Category: OWASP Top Ten 2004 Category A3 - Broken Authentication and Session Management
Obsolete
Summary
Weaknesses in this category are related to the A3 category in the OWASP Top Ten 2004.
Membership
| ID | Name | Description |
|---|---|---|
| CWE-259 | Use of Hard-coded Password | This vulnerability occurs when an application embeds a password directly into its source code or configuration files. This hard-coded secret is then used either to authenticate incoming users or to connect to external services and databases. |
| CWE-287 | Improper Authentication | Improper Authentication occurs when a system fails to properly verify a user's claimed identity, allowing access without sufficient proof of who they are. |
| CWE-296 | Improper Following of a Certificate's Chain of Trust | This vulnerability occurs when software fails to properly validate the entire certificate chain back to a trusted root authority. This mistake can cause the system to incorrectly trust a certificate and the resource it represents, creating a security gap. |
| CWE-298 | Improper Validation of Certificate Expiration | This vulnerability occurs when an application fails to properly check if a digital certificate has expired, potentially trusting certificates that are no longer valid due to their age. |
| CWE-302 | Authentication Bypass by Assumed-Immutable Data | This vulnerability occurs when an authentication system incorrectly treats certain data as unchangeable, when in fact an attacker can manipulate it to bypass login or verification checks. |
| CWE-304 | Missing Critical Step in Authentication | This vulnerability occurs when a software authentication process omits a required step, weakening its overall security. |
| CWE-307 | Improper Restriction of Excessive Authentication Attempts | This vulnerability occurs when an application fails to properly limit how many times someone can attempt to log in or verify their identity in rapid succession, allowing attackers to systematically guess credentials. |
| CWE-309 | Use of Password System for Primary Authentication | This weakness occurs when an application relies solely on password-based authentication as its main security gate.
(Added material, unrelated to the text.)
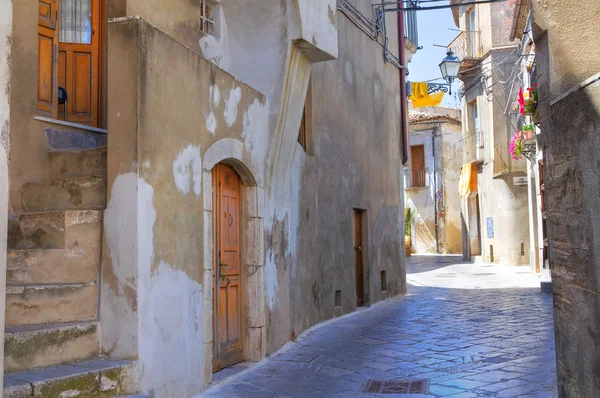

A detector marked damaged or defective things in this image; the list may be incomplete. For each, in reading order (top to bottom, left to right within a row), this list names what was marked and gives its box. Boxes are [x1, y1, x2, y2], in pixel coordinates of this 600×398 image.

peeling plaster [224, 87, 243, 127]
peeling plaster [172, 145, 203, 197]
This single-factor approach is inherently vulnerable to a range of attacks that can compromise user accounts. |
| CWE-345 | Insufficient Verification of Data Authenticity | This vulnerability occurs when an application fails to properly check where data comes from or confirm its legitimacy, allowing untrusted or forged information to be processed as valid. |
| CWE-384 | Session Fixation | Session fixation occurs when an application authenticates a user without first destroying the previous session ID. This allows an attacker who knows that session identifier to hijack the user's authenticated session. |
| CWE-521 | Weak Password Requirements | This vulnerability occurs when an application fails to enforce strong password policies, making user accounts easier to compromise through guessing or automated attacks. |
| CWE-522 | Insufficiently Protected Credentials | This vulnerability occurs when an application handles sensitive credentials like passwords or API keys in an insecure way, making them easy for attackers to steal during transmission or while stored. |
| CWE-525 | Use of Web Browser Cache Containing Sensitive Information | This vulnerability occurs when a web application fails to implement secure caching directives, allowing sensitive user data or pages to be stored in the browser's cache where unauthorized parties could retrieve them. |
| CWE-613 | Insufficient Session Expiration | Insufficient session expiration occurs when an application allows old session tokens or IDs to remain valid for too long, letting attackers reuse them to gain unauthorized access. |
| CWE-620 | Unverified Password Change | This vulnerability occurs when an application allows a user to set a new password without first verifying their identity through the old password or a secure secondary authentication method. |
| CWE-640 | Weak Password Recovery Mechanism for Forgotten Password | This vulnerability occurs when an application's password reset or recovery feature is poorly designed or implemented, allowing attackers to bypass authentication and hijack user accounts. |
| CWE-798 | Use of Hard-coded Credentials | This vulnerability occurs when software contains built-in, unchangeable authentication secrets like passwords or encryption keys within its source code or configuration files. |
| CWE-711 | Weaknesses in OWASP Top Ten (2004) | CWE entries in this view (graph) are associated with the OWASP Top Ten, as released in 2004, and as required for compliance with PCI DSS version 1.1. This view is considered obsolete as a newer version of the OWASP Top Ten is available. |
| CWE-255 | Credentials Management Errors | Weaknesses in this category are related to the management of credentials. |
Vulnerability Mapping Notes
Usage: Prohibited
Reasons: Category
Rationale:
This entry is a Category. Using categories for mapping has been discouraged since 2019. Categories are informal organizational groupings of weaknesses that can help CWE users with data aggregation, navigation, and browsing. However, they are not weaknesses in themselves.
Comment:
See member weaknesses of this category.